AQTr : Est-ce qu’il y a des enjeux de standardisation de ces données?

R.C. :
Sans doute. Mais chaque base de données provenant d’institutions et de sources différentes a ses propres règles ou structures. Les principaux problèmes semblent provenir plutôt d’un manque de cohérence entre les données lors de l’identification des divers « objets » de transport (véhicules, circuits, lignes-directions-tracés, réseau de voirie de référence (toponymie des rues, localisation des arrêts), tournées, centre d’opération, etc. Même la spécification GTFS, suffisante pour l’information clientèle, laisse de nombreuses ambiguïtés pour l’aspect opérationnel. En particulier, le « monde des correspondances » (terminus intermodal, intégration tarifaire, réseaux piétonniers) comporte une complexité de modélisation peu commune.

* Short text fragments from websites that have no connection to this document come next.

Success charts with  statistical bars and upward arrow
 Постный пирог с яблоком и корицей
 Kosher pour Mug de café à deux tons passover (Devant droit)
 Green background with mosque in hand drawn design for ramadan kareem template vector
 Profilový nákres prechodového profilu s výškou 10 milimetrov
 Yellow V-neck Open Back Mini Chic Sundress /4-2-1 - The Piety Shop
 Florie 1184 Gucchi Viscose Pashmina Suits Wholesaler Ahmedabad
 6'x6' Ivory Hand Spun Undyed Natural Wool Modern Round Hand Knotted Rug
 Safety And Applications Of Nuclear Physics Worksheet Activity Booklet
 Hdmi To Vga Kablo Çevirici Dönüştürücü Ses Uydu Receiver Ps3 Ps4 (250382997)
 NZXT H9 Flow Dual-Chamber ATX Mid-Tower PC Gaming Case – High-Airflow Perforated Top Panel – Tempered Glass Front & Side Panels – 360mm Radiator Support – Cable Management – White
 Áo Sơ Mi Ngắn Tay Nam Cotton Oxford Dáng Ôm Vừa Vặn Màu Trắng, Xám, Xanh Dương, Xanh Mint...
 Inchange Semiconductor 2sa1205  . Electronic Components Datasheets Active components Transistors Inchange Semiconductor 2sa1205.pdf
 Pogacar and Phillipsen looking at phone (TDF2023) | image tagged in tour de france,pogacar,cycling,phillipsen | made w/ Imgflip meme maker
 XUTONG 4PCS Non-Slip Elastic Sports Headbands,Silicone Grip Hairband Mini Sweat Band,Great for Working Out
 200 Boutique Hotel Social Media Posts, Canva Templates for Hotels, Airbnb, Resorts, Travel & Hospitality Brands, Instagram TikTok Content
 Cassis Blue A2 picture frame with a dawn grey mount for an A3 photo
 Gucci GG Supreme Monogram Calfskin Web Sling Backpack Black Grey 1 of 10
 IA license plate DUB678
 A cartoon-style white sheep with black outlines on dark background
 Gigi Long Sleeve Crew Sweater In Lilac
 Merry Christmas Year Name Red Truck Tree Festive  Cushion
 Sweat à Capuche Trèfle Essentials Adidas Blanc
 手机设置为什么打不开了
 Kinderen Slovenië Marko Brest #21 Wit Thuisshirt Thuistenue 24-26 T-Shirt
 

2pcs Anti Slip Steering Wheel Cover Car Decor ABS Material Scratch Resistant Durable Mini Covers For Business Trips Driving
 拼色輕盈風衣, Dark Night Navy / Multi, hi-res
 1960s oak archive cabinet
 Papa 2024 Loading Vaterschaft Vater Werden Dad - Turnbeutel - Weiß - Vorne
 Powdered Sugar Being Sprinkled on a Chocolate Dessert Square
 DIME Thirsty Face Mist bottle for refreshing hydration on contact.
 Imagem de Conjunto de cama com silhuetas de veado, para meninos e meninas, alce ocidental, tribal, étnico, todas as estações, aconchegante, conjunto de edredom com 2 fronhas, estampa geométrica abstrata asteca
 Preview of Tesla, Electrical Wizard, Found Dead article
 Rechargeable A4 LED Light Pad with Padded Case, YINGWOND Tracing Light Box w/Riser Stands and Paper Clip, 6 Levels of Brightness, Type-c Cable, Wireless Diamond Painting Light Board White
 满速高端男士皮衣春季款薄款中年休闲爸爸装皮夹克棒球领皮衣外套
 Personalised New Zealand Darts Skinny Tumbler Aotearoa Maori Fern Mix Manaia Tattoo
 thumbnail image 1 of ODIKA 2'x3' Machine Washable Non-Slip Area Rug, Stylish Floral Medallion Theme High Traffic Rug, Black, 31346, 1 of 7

AQTr : Comment le monde universitaire, et plus spécialement celui de la recherche-développement, appréhende-t-il ces nouvelles technologies? Y a-t-il des programmes, des forums…?

R.C. :
Non seulement dans le domaine de la recherche, mais aussi dans l’enseignement, les deux dernières décennies ont vu une insertion importante des technologies informationnelles amenant les concepts de bases de données, de réseaux de transport et de systèmes d’information géographique à un niveau fondamental, notamment dans la formation des ingénieurs civils et industriels. Aux grades supérieurs, les étudiants sont régulièrement confrontés à des ensembles typiques de données (GPS, GIS, cartes à puces, données de recensement, enquêtes Origine-Destination), et ce, dans des cours dont l’intitulé demeure générique tel que « gestion des données de transport », « analyse des transports », « réseaux de transport urbain », « systèmes intelligents de transport » et « transport en commun ». C’est ainsi que, finalement, les projets de recherche apparaissent dans une continuité d’appréhension d’une plus grande complexité expérimentale. Incidemment, les récents développements en logiciels open source (SUMO, MatSim, NeXTA, TRANSIMS, Quantum GIS, Open-Jump) et en données ouvertes (HackTaVille, sites de STM, STL, RTL, AMT, Ville de Montréal, Toronto…) ont grandement facilité cet apprivoisement du big data par les chercheurs.

AQTr : Est-ce que tout cela est simplement une tendance passagère ou le big data aura un impact significatif sur nos vies et transformera notre relation avec le transport?

R.C. :
On réalise bien que le big data s’inscrit dans une continuité de la complexité. On vit continuellement une réingénierie des processus informationnels où l’adaptation à de nouveaux instruments, de nouvelles données et de nouveaux modèles permet d’aborder des questions sous de nouvelles dimensions. À ce moment-ci, les big data autorisent l’examen du transport urbain à un niveau de résolution beaucoup plus fin ainsi que dans son dynamisme (micro-simulation de la demande et de l’offre). Comme l’organisation du transport est une chose « artificielle » (dans le sens de créer de toute pièce par l’humain), il est certain que l’information doit constituer le fondement de sa conception et de sa gestion. En outre, le transport en commun est reconnu comme un système en coproduction (rencontre de convergence entre un fournisseur de service et son client), et la qualité des échanges d’information est un gage de succès de cette entreprise.

AQTr : Finalement, quand assistera-t-on au premier diplômé en big data?

R.C. :
Explicitement, est-ce bien nécessaire de recourir à cette appellation? Je ne crois pas. Déjà la majorité de nos préoccupations de recherche y est consacrée. La formation de nos professionnels s’y est bien adaptée. Culturellement, il devient nécessaire que les entreprises reconnaissent que les big data, outre l’entreposage des données, ne sont pas réservés aux services informatiques; les planificateurs et les analystes des transports doivent être en mesure d’en tirer parti d’une manière créative et opérationnelle, et ce, dans un contexte pluridisciplinaire. À mon avis, dans cette mouvance informationnelle « googléienne », il faut faire une place à un « autodidactisme » orienté (organisationnel ou personnel) si l’on désire faire du développement méthodologique durable.